Assignment:
Transcribe exactly the lines that fall between the one holding "JA_Solar_Logo_RGB" and the one holding "Кашемірова шапка Maria", inclusive, from the entries below.

Entries supplied:
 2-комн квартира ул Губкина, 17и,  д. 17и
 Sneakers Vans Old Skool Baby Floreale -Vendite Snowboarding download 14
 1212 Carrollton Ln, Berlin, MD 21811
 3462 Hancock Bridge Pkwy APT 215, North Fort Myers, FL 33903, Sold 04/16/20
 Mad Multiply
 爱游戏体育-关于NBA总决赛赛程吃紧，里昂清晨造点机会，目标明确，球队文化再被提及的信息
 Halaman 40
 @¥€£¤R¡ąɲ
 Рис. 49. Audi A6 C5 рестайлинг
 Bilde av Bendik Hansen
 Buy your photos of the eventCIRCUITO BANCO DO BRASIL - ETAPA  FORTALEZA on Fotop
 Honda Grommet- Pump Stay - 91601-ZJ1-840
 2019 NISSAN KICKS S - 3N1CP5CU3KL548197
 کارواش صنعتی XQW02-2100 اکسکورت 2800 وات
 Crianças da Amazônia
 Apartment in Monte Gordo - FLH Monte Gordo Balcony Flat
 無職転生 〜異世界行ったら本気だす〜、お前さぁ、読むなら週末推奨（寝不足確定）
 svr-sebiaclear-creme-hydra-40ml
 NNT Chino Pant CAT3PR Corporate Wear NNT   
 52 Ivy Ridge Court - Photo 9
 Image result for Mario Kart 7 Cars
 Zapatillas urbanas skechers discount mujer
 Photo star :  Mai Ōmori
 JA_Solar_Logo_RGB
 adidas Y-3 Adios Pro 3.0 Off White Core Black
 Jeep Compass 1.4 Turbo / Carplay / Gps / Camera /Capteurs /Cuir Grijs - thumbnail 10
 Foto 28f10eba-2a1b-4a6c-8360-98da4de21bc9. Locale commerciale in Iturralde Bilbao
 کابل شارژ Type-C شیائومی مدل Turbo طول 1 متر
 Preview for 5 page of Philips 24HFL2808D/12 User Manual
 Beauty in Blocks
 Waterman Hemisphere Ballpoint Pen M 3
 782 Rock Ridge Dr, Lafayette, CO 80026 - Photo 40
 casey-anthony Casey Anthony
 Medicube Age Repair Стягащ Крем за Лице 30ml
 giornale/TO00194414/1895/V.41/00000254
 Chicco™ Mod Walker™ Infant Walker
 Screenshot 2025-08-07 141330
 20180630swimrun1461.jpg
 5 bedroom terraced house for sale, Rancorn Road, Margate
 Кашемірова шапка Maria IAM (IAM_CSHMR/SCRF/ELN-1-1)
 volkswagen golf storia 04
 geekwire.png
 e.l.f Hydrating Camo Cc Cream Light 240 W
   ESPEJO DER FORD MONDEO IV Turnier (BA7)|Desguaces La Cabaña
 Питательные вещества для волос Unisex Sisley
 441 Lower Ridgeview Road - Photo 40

Your solution:
 JA_Solar_Logo_RGB
 adidas Y-3 Adios Pro 3.0 Off White Core Black
 Jeep Compass 1.4 Turbo / Carplay / Gps / Camera /Capteurs /Cuir Grijs - thumbnail 10
 Foto 28f10eba-2a1b-4a6c-8360-98da4de21bc9. Locale commerciale in Iturralde Bilbao
 کابل شارژ Type-C شیائومی مدل Turbo طول 1 متر
 Preview for 5 page of Philips 24HFL2808D/12 User Manual
 Beauty in Blocks
 Waterman Hemisphere Ballpoint Pen M 3
 782 Rock Ridge Dr, Lafayette, CO 80026 - Photo 40
 casey-anthony Casey Anthony
 Medicube Age Repair Стягащ Крем за Лице 30ml
 giornale/TO00194414/1895/V.41/00000254
 Chicco™ Mod Walker™ Infant Walker
 Screenshot 2025-08-07 141330
 20180630swimrun1461.jpg
 5 bedroom terraced house for sale, Rancorn Road, Margate
 Кашемірова шапка Maria IAM (IAM_CSHMR/SCRF/ELN-1-1)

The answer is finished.